The plan for a “safe zone”, though, in its current form makes it difficult for the EU to accept it. The basic worry is that Turkey will force the resettlement of refugees inside the zone. This stems from Turkish authorities’ high motivation to mitigate concerns among Turks about the refugees and in response to polling showing some Syrians do not want to return (more than two-thirds of those polled say their return is dependent not only on the end of the conflict but also on a change of regime, if ever). Moreover, the project would most probably result in changing the ethnic composition of the area in favour of Arabs and at the expanse of the Kurds. This is because the plan’s first phase assumes the construction of new cities for only a million inhabitants, which means that another million or so refugees will have to be resettled into existing, and some predominantly Kurdish, cities. Arab-Kurdish tensions in the Syrian territories currently controlled by Turkey are problematic. If the only entity allowed to be responsible for protecting the “safe zone” is the Turkish army in cooperation with Arab militias, an intensification of these tensions is likely. This creates another risk for the EU, as the “safe zone” may strengthen Turkish-Kurdish tensions, which may spread to Europe through their respective diasporas. This is even more likely since the Turkish army’s operation east of the Euphrates will bring it into conflict with the YPG. Another key player is ISIS, which continues to fight as an insurgency after losing territory it had earlier overrun. A broader problem related to ISIS is the fate of its members (considered terrorists worldwide) who are being held in camps and prisons under SDF control. If the responsibility for their judicial processing falls on Turkey, it will also force the EU to cooperate in this field. In the short term, however, the biggest threat is if the YPG, when engaged in fighting with the Turkish army, loosens control over the facilities where the jihadists are held, they could rejoin and bolster ISIS in Syria or escape to Europe.
Conclusions and Prospects
According to the Turkish authorities, the “safe zone” will comprehensively solve their problems in domestic and security policy, which is why they are highly motivated to implement it. The pace and character of the process depend on the U.S. stance. The controversy that Trump's favour to Turkey has generated in the U.S. may slow down the Americans’ withdrawal from Syria, but probably won’t stop it. This may limit Turkey’s aspirations for the zone and delay the implementation of its project, but it is doubtful that it will lead to full abandonment. Even a possible UNSC resolution is unlikely to induce Turkey to abandon it.

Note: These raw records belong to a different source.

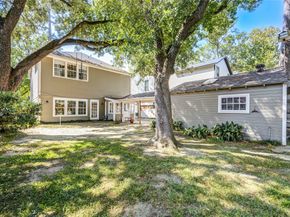 1550 Sue Barnett Drive, Houston TX 77018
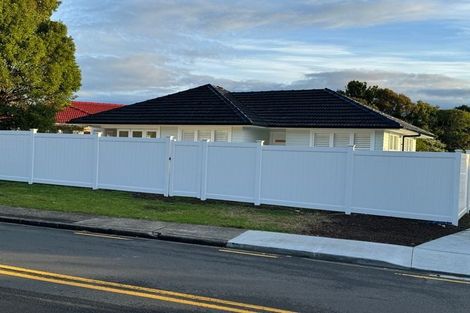 Photo of property in 117 Vodanovich Road, Te Atatu South, Auckland, 0610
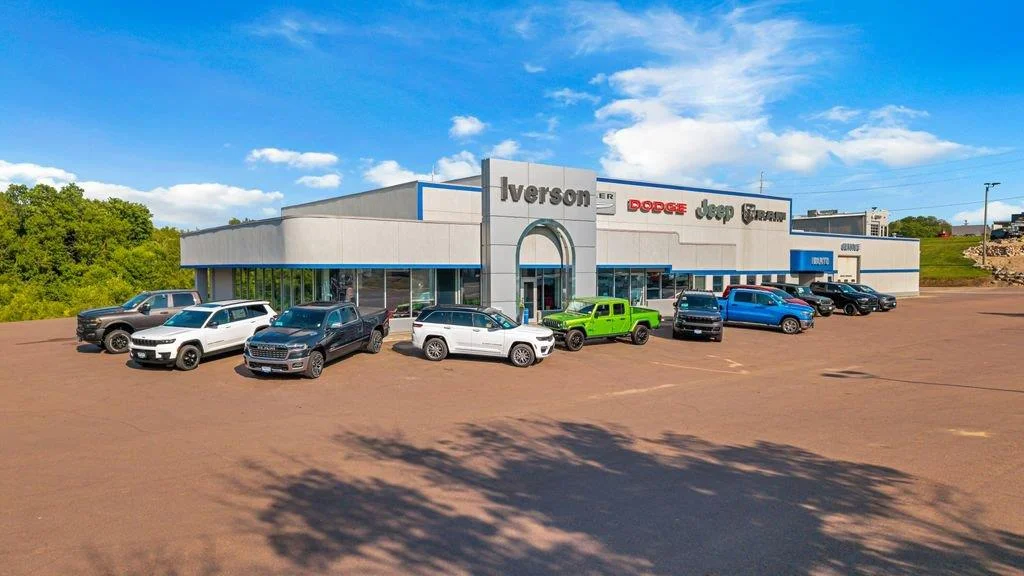 Used 2019 Ingot Silver/Magnetic Ford XLT image 6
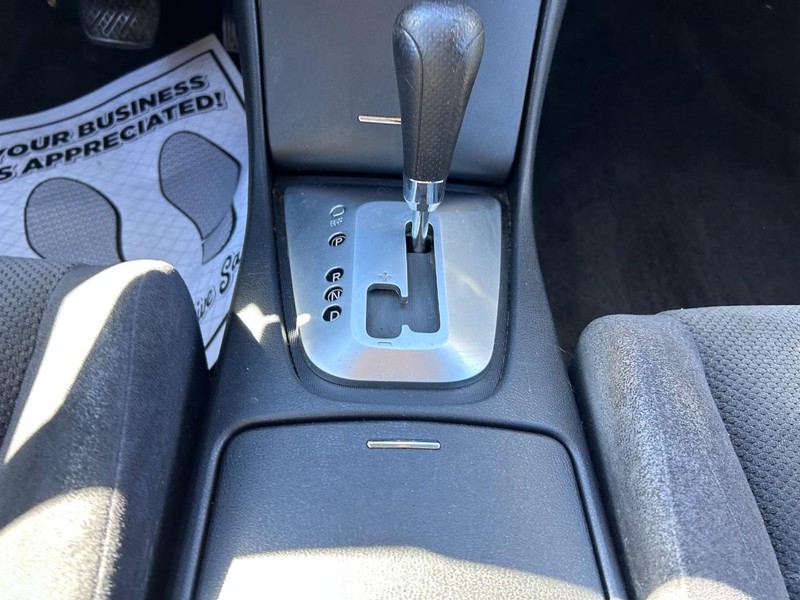 Nissan Altima Vehicle Image 14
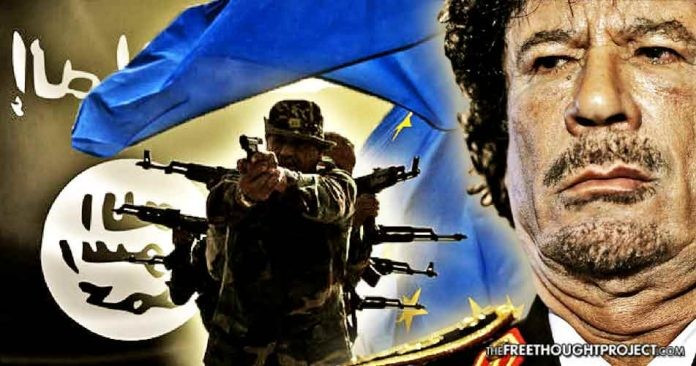 Рон Пол: Каддафи предсказывал и пытался предотвратить нынешнюю волну террора в Британии, поэтому США уничтожили его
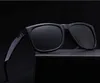 Klassiska fyrkantiga solglasögon för kvinnor män retrodesign gradient UV400 solglasögon av högsta kvalitet utomhus kör solglasögon manliga damer med boxfodral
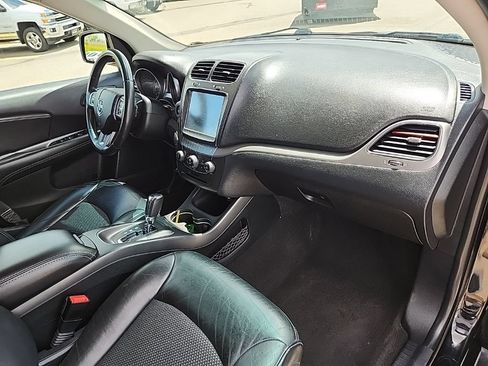 Used 2018 Dodge Journey Crossroad AWD/4WD image 45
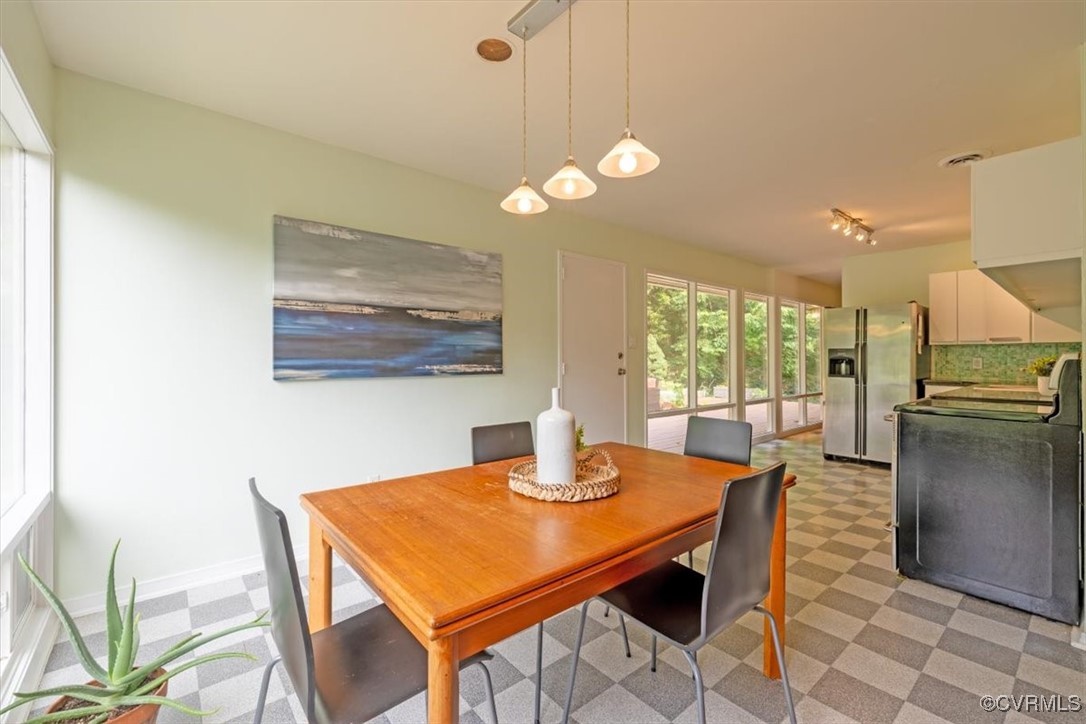 8410 Halidan Dr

Limiting the size of the “safe zone” is in the EU’s interest. It is also crucial for the EU to reduce any tensions in Syria that the establishment of the zone brings. If Turkey allocates funds for the reconstruction of Kurdish cities in parallel with its own plans, this may help in this regard. The EU should also pressure Turkey to carry out relocation on a voluntary basis and ensure that the area is open to the activities of European non-governmental organisations. For the EU to get what it wants will require compromise on the Turkish side. The high cost of the zone project will most likely prompt Turkey to ask for EU financing, giving the EU additional leverage.